This function anonymizes or redacts sensitive information from various R objects including character vectors, factors, data frames, and lists. It uses pattern matching to find and replace sensitive content, with options for targeted anonymization based on variable names or classes and warnings about approximate matches.
Usage
anon(
x,
pattern_list = list(),
default_replacement = getOption("anon.default_replacement", default = "[REDACTED]"),
check_approximate = getOption("anon.check_approximate", default = FALSE),
max_distance = 2,
df_variable_names = NULL,
df_classes = NULL,
check_names = TRUE,
check_labels = TRUE,
nlp_auto = getOption("anon.nlp_auto"),
.self = FALSE,
.pattern_replacements = NULL,
.compiled = NULL
)Arguments
- x
The object to anonymize. Can be a character vector, factor, data frame, or list.
- pattern_list
A list of patterns to search for and replace. Can include:
Named elements where names are replacement values and values are one or more patterns to match
Unnamed elements where one or more patterns are replaced with
default_replacementThis parameter is combined with the global optiongetOption("anon.pattern_list").
- default_replacement
Value to use as the default replacement value when no specific replacement is provided. Default is
getOption("anon.default_replacement", default = "\[REDACTED\]").- check_approximate
Logical indicating whether to check for approximate matches using string distance. Default is
getOption("anon.check_approximate", default = FALSE).- max_distance
Maximum string distance for approximate matching when
check_approximateisTRUE. Default is2.- df_variable_names
For data frames, a character vector or named list specifying which variable names should be anonymized:
Unnamed elements: variables are replaced with
default_replacementNamed elements: variable names are keys, value can be either a replacement value or a function This parameter is combined with the global option
getOption("anon.df_variable_names").
- df_classes
For data frames, a character vector or named list specifying which variable classes should be anonymized:
Unnamed elements: variables with matching classes are replaced with
default_replacementNamed elements: class names are keys, value can be either a replacement value or a function This parameter is combined with the global option
getOption("anon.df_classes").
- check_names
Logical indicating whether to anonymize object names (column names, row names, list names). Default is
TRUE.- check_labels
Logical indicating whether to anonymize labels (attributes). Default is
TRUE.- nlp_auto
List of logical values with names corresponding to entity names. Can be generated with
nlp_auto()and can be set as theanon.nlp_autoglobal option. This argument overrides the global option.- .self
Logical for internal use only. Used in recursive calls. Default is
FALSE. WhenTRUE, warnings are collected as attributes instead of being issued immediately and global options are ignored and only explicitly provided parameters are used.- .pattern_replacements
List for internal use only. Pre-computed pattern replacement pairs passed down during recursive calls to avoid recomputing them for each column or list element. Default is
NULL, which triggers normal computation.- .compiled
List for internal use only. Pre-compiled pattern groups containing grouped regex objects, digest tokens, and fixed token matchers. Passed down during recursive calls to avoid recompiling patterns. Default is
NULL.
Value
An object of class anon_context with the same structure as x but with sensitive
information replaced. If approximate matches are found and .self is FALSE, warnings are issued.

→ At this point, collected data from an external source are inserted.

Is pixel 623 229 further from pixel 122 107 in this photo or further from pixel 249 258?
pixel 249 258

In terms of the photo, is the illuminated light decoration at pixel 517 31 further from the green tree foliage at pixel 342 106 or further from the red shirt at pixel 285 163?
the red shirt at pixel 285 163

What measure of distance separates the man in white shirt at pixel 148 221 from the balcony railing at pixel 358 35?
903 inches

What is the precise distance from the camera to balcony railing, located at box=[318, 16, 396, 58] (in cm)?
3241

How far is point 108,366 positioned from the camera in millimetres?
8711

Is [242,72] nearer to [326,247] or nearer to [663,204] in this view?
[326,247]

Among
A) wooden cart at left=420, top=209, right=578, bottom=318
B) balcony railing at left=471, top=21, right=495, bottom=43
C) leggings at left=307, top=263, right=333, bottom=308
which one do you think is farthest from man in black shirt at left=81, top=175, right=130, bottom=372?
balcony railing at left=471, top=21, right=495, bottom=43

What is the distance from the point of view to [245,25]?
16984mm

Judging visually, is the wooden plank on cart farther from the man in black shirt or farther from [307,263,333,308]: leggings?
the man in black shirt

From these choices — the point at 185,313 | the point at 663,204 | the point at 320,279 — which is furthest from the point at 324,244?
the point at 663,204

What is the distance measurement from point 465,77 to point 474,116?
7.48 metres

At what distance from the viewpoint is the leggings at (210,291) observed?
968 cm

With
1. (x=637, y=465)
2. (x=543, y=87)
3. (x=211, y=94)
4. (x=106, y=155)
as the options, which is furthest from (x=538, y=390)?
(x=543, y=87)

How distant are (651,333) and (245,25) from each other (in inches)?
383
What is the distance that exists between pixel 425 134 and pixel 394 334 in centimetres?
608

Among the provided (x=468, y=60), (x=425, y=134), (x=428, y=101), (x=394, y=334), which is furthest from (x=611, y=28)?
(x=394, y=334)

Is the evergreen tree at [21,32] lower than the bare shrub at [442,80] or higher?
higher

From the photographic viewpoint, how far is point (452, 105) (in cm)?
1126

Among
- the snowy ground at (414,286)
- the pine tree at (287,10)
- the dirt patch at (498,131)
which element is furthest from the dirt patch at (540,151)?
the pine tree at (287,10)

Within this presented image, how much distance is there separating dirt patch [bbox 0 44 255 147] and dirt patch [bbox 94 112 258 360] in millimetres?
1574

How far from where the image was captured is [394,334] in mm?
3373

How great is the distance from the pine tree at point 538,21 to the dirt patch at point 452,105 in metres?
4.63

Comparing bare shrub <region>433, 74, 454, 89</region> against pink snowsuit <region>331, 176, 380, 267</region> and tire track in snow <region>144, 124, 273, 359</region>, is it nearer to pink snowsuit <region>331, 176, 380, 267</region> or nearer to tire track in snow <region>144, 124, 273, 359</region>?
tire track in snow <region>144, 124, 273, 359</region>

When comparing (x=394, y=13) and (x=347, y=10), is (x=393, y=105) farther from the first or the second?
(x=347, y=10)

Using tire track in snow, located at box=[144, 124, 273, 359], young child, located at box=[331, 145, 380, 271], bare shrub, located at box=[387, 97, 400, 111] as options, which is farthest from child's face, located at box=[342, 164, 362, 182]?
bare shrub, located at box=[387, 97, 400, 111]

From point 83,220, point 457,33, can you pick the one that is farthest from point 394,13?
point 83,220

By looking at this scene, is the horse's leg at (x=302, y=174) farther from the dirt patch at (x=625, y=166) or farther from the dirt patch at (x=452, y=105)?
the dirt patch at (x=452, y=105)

If .self is TRUE, warnings are attached as an attribute.
Details
anon() operates recursively on nested structures. For data frames:
Individual columns are processed based on their content
Entire columns can be replaced if specified in
df_variable_namesordf_classesColumn names, row names, and labels are anonymized when enabled
Pattern matching is case-insensitive. When check_approximate is enabled,
anon() will warn about remaining potential matches that are similar but not exact.

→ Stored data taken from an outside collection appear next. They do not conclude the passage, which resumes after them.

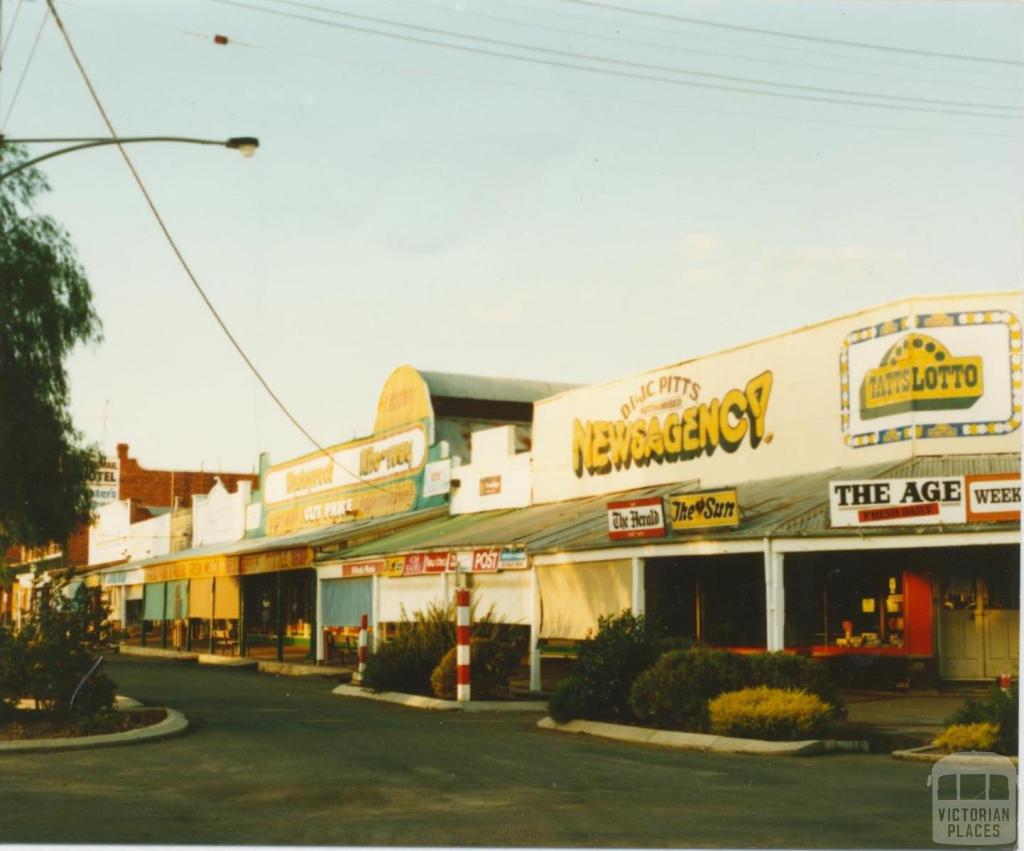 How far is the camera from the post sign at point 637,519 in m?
21.1

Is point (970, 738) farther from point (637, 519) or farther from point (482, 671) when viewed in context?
point (482, 671)

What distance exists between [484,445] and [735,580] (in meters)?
8.84

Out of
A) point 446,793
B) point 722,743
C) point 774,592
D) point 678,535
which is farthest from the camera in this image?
point 678,535

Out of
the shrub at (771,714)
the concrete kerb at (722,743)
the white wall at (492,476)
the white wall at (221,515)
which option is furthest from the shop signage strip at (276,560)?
the shrub at (771,714)

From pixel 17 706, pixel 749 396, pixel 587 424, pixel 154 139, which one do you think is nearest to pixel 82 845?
pixel 17 706

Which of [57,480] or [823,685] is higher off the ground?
[57,480]

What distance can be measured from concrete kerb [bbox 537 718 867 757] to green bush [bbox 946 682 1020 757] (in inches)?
44.9

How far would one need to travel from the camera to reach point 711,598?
25.1 meters

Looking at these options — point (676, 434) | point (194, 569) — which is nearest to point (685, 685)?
point (676, 434)

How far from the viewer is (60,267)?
2167cm

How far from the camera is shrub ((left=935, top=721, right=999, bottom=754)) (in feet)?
41.2

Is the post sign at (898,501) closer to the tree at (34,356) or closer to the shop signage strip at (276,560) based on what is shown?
the tree at (34,356)

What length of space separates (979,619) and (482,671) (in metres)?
7.71

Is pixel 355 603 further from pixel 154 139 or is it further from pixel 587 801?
pixel 587 801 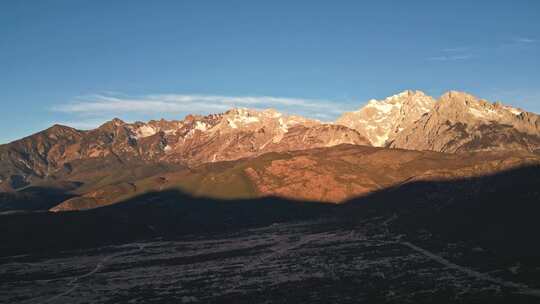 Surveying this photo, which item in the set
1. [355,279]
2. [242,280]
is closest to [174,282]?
[242,280]

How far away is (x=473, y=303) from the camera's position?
137500 millimetres

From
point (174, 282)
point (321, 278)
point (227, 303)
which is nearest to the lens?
point (227, 303)

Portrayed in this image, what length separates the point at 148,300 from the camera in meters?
165

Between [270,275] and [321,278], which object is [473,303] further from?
[270,275]

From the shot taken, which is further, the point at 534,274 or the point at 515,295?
the point at 534,274

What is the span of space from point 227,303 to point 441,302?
53.6 metres

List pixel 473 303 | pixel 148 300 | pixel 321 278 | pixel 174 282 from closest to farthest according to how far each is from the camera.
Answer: pixel 473 303, pixel 148 300, pixel 321 278, pixel 174 282

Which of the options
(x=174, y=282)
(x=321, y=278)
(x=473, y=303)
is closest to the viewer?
(x=473, y=303)

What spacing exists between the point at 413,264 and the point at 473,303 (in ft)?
188

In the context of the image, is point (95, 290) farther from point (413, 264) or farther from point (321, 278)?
point (413, 264)

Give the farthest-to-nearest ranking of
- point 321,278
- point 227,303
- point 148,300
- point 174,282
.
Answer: point 174,282 < point 321,278 < point 148,300 < point 227,303

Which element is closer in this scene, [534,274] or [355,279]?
[534,274]

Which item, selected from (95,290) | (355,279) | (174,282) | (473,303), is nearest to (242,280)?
(174,282)

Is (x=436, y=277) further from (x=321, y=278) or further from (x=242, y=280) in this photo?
(x=242, y=280) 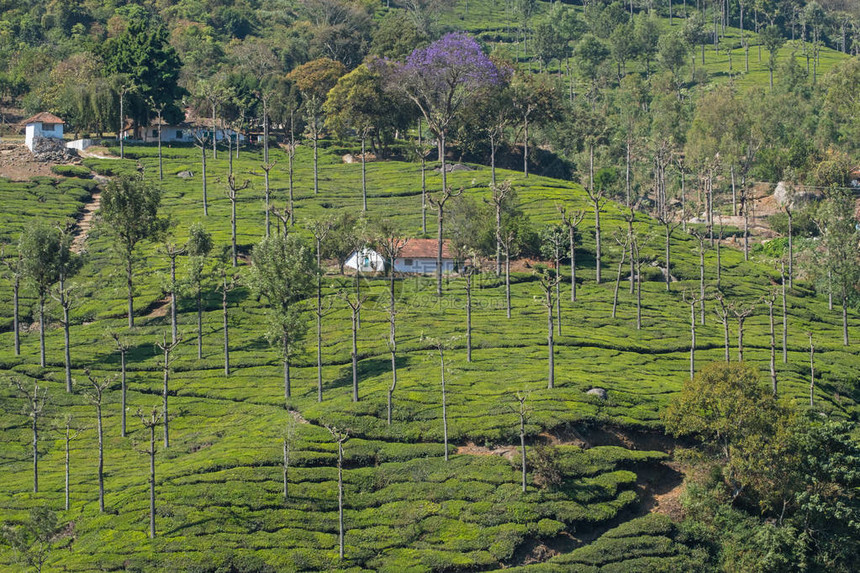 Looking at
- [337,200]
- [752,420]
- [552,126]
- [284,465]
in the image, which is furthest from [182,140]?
[752,420]

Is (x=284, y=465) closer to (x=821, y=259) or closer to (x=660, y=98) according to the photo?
(x=821, y=259)

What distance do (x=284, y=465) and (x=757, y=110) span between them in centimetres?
12250

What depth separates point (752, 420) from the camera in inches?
2635

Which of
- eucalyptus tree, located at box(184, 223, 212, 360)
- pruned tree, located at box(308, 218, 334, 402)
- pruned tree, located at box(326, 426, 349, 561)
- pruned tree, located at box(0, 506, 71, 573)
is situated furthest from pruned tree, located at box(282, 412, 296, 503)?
eucalyptus tree, located at box(184, 223, 212, 360)

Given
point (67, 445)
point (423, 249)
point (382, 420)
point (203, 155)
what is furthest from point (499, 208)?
point (67, 445)

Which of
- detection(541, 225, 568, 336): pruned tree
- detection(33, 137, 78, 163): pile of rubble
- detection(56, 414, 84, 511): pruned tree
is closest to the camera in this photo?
detection(56, 414, 84, 511): pruned tree

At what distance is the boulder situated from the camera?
75281 mm

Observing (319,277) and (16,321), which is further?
(16,321)

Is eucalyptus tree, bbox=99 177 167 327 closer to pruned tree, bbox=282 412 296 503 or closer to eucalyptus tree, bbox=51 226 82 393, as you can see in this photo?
eucalyptus tree, bbox=51 226 82 393

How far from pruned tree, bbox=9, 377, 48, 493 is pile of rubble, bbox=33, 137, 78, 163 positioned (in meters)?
69.8

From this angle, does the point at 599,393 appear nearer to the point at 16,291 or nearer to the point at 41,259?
the point at 41,259

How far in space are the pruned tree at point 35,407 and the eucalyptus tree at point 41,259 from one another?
7007mm

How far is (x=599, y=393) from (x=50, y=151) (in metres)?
99.0

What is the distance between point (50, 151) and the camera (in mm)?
145875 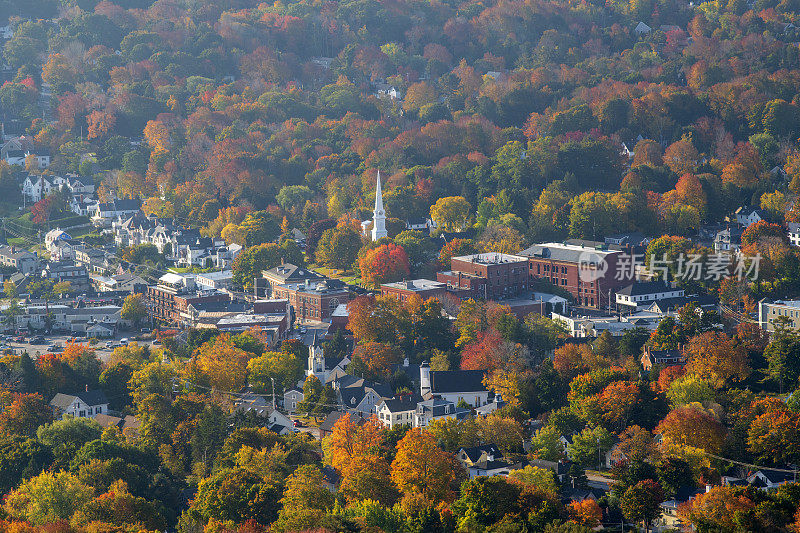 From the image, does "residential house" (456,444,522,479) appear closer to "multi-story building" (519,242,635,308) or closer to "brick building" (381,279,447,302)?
"brick building" (381,279,447,302)

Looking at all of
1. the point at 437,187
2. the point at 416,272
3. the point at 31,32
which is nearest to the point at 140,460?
the point at 416,272

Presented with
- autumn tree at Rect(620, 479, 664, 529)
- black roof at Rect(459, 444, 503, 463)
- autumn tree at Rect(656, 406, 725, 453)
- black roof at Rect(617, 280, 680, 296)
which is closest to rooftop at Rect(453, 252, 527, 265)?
black roof at Rect(617, 280, 680, 296)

Replacement functions can be provided in df_variable_names and df_classes as:
R functions that take the column/variable as input
Formula notation (e.g.,
~ .x + rnorm(length(.x), mean = 1))
The returned object has class anon_context which allows it to be combined with other
anonymized objects using c().
Global Options
The following global options affect function behavior:
anon.default_replacementDefault replacement text (default: "[REDACTED]").

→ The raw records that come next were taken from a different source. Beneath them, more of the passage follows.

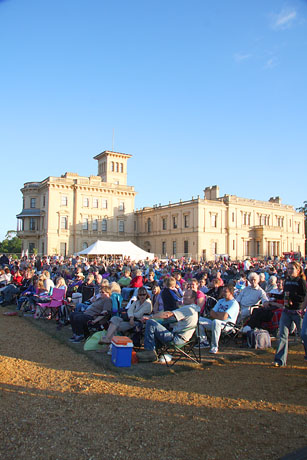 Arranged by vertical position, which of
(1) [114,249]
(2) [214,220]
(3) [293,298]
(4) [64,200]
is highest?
(4) [64,200]

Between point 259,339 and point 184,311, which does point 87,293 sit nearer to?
point 184,311

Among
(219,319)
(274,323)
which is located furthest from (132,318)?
(274,323)

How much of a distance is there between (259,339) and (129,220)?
49263 millimetres

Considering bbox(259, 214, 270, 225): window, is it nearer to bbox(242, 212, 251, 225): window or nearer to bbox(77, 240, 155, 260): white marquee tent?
bbox(242, 212, 251, 225): window

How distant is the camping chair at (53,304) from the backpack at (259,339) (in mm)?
5248

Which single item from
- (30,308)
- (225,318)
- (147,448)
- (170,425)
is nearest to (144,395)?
(170,425)

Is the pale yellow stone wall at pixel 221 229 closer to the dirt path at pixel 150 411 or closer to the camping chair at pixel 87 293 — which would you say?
the camping chair at pixel 87 293

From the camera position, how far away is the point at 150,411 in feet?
13.6

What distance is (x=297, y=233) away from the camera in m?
65.0

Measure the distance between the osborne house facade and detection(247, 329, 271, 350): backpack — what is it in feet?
139

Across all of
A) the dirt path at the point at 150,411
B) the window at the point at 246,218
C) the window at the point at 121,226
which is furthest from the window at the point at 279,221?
the dirt path at the point at 150,411

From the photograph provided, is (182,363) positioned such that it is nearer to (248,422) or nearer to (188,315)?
(188,315)

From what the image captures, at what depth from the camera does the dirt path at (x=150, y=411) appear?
338cm

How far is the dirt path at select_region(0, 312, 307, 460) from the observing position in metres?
3.38
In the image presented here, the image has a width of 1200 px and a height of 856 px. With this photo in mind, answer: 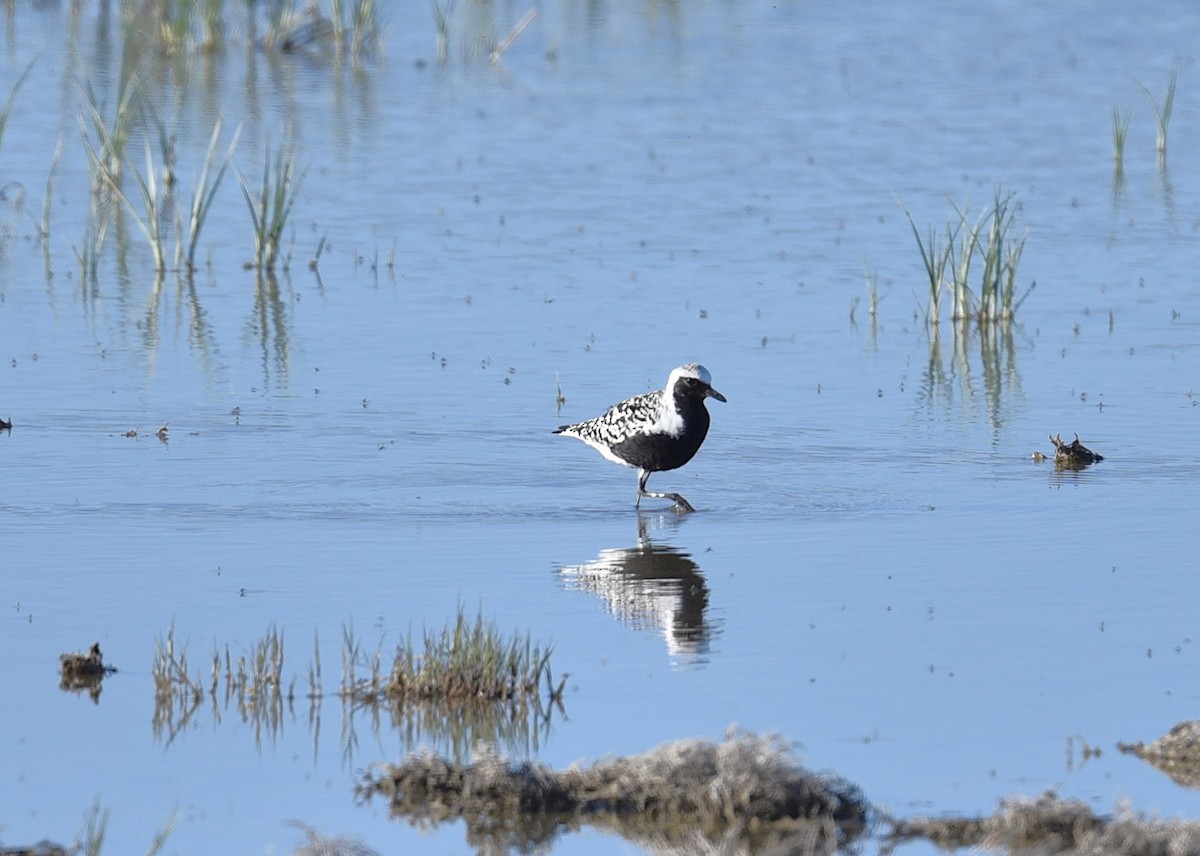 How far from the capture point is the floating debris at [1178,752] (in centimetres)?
757

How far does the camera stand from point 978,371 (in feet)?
53.9

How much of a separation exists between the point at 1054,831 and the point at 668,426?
19.8 ft

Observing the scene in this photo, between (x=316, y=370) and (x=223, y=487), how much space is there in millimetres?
3577

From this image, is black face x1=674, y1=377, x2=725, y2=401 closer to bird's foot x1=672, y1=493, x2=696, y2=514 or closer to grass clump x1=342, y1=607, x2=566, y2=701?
bird's foot x1=672, y1=493, x2=696, y2=514

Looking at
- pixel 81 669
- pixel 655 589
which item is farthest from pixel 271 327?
pixel 81 669

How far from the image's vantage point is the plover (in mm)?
12594

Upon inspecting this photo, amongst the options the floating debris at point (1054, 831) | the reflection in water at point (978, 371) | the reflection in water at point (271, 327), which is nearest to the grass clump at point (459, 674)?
the floating debris at point (1054, 831)

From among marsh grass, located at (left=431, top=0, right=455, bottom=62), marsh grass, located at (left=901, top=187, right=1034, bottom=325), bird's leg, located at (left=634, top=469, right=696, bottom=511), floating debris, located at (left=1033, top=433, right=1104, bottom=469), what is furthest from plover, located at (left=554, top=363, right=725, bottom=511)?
marsh grass, located at (left=431, top=0, right=455, bottom=62)

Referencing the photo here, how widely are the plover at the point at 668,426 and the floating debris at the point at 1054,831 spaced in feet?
18.4

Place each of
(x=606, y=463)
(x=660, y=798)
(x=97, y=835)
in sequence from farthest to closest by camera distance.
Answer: (x=606, y=463)
(x=660, y=798)
(x=97, y=835)

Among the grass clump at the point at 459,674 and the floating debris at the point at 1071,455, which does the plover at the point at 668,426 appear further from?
the grass clump at the point at 459,674

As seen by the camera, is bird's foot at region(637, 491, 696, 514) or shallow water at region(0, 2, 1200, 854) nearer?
shallow water at region(0, 2, 1200, 854)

anon.pattern_listGlobal patterns to combine with (after)
pattern_listparameter.anon.df_variable_namesGlobal variable name specifications to combine with (after)
df_variable_namesparameter.anon.df_classesGlobal class specifications to combine with (after)
df_classesparameter.anon.nlp_autoList of logical values indicating which NLP entity types should be automatically anonymized. Use
nlp_auto()to generate this list. Override the option by setting thenlp_autoargument.anon.nlp_default_replacementsDefault NLP replacement labels. Use
nlp_default_replacements()to generate this list.anon.example_values_nDefault
example_values_nused byanon_data_summary()andanon_report().anon.example_rowsDefault
example_rowsspecification used byanon_data_summary()andanon_report(). Useanon_example_rows()to generate this value.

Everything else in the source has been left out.